Thought I’d share some examples of how we do it from some recent lessons. Our vocabulary goal is to use lots of active practice to build word knowledge. Start with a great definition and then spend your time applying words- playfully if possible! Each day we ask 5-10 questions that require students to use and apply their new words in fun ways.
Here are some examples organized a round a few rules we’ve come to use:
Start simple: the first few questions should be fun and easy. You build success and have fun. It’s still useful retrieval. Just make sure students use the word in their answer
- If someone was adamant about helping the environment, what’s something they might do?
- Think of something a child might be forbidden from doing alone?
- If a classmate was described as ‘easily influenced‘ would that be a compliment? Why or why not?
Get more complex: As you go, combine words, change tenses, increase scenario difficulty, and add writing.
- If I said my little brother had an aptitude for disobedience, what kinds of things would you expect him to do?
- Could you fret about something and also nurture it? explain.
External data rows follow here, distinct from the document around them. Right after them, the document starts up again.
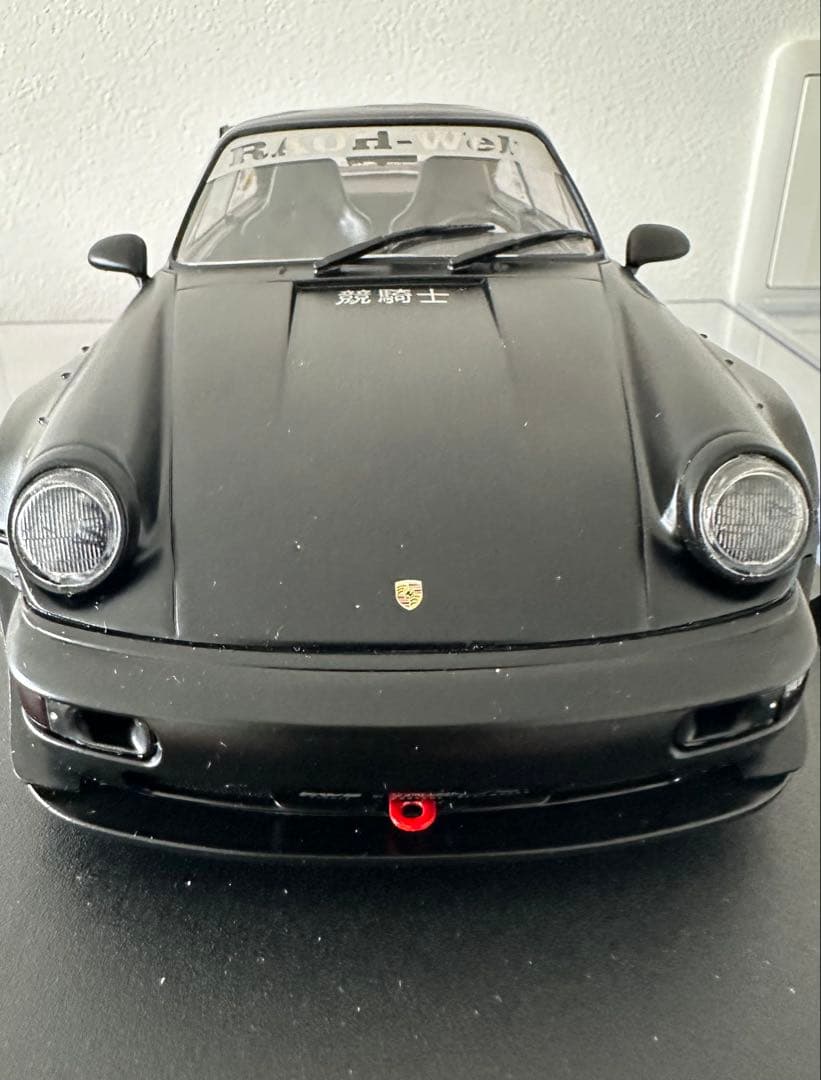 SOLIDOポルシェRWB ダース・ベイダー ミニカーブラック1/18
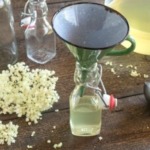 holunderblütensirup-abfuellen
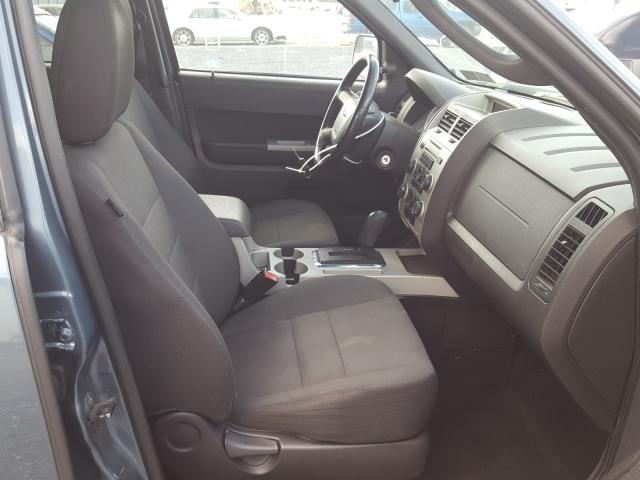 Photo 4 VIN: 1FMCU9DG5AKB60843 - FORD ESCAPE 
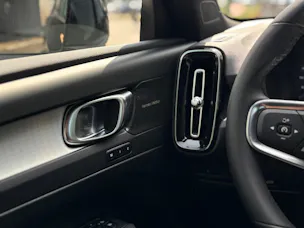 Volvo XC40 2.0 B4 MH Black Edition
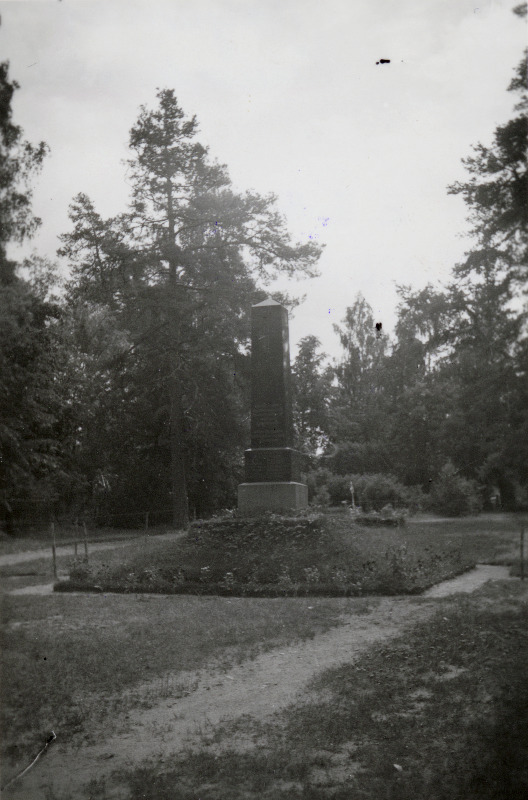 Eesti Vabadussõjas langenute mälestusmärk Kuusalu kalmistul.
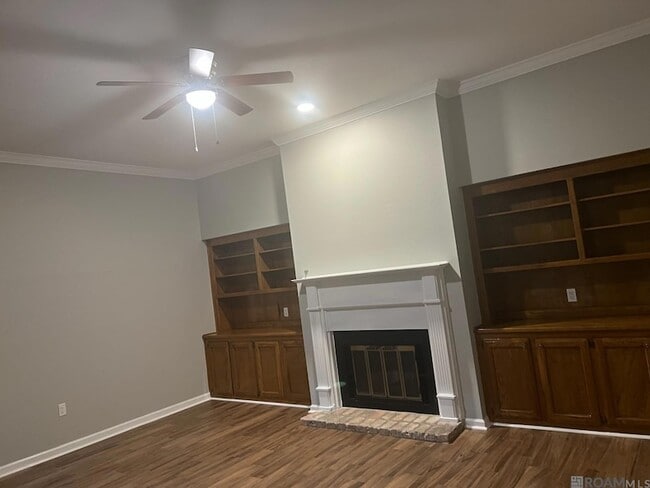 Building Photo - 1719 Tallwood Dr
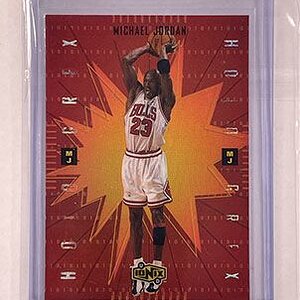 Insert - MJ HoloGrFx - Upper Deck Ionix - 1998-99 - Michael Jordan.jpg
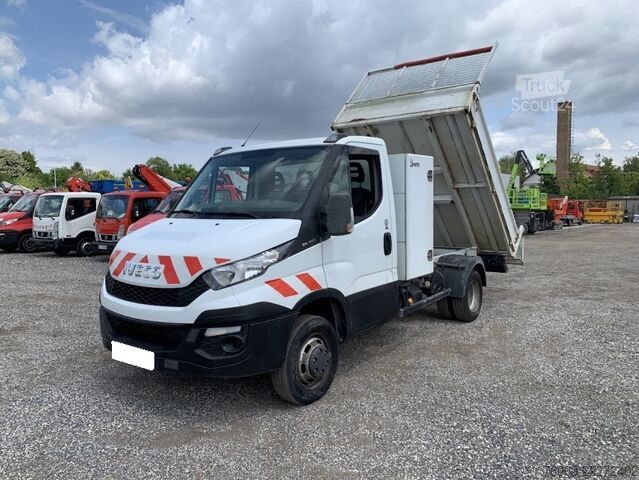 Sklápěcí dodávka Iveco 35C13 - Tipper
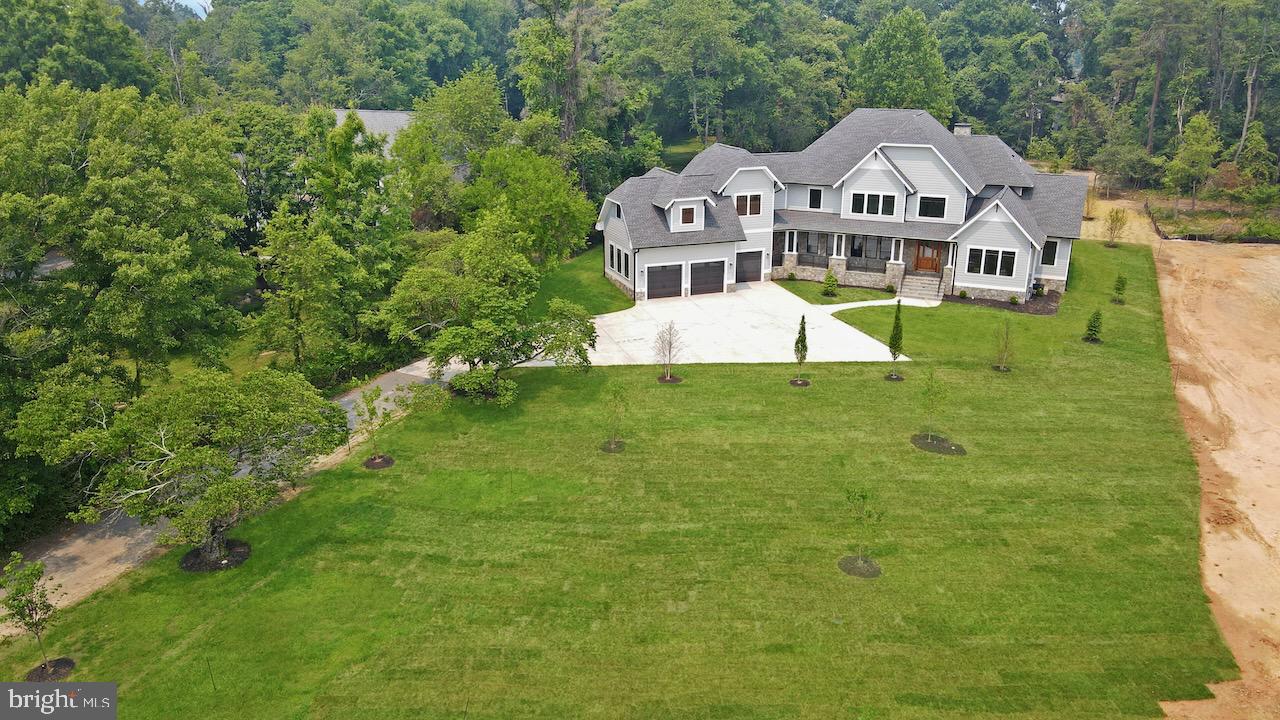 CENTREVILLE FARMS - Residential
- Is is possible to dread making a sacrifice? Why or why not? _____________________________________________________________________________
Apply to the book: Reinforce comprehension by asking questions related to the book
- At the end of Chapter 3, Bud was heading into the Amos’ house to get revenge. What’s something he might do?
- What’s something Jonas’ father has an aptitude for?
Ask again and again. Ask about words from previous lessons to aid long-term memory. In the example below the bolded words in black are from the day’s lesson. The one in red is from a lesson the previous week.
- Would it be reckless to betray a tyrant? Why or why not?
You have a small typo. Complement should be compliment. 🙂
Brilliant exercise!! Since “learning is doing” your activities engage students in “active thinking,” and frame the learning in real-world scenarios, which makes the activity more effective. The activities may even be done as a small group activity. Bravo!!
Thanks. Love the idea that these can become a group activity.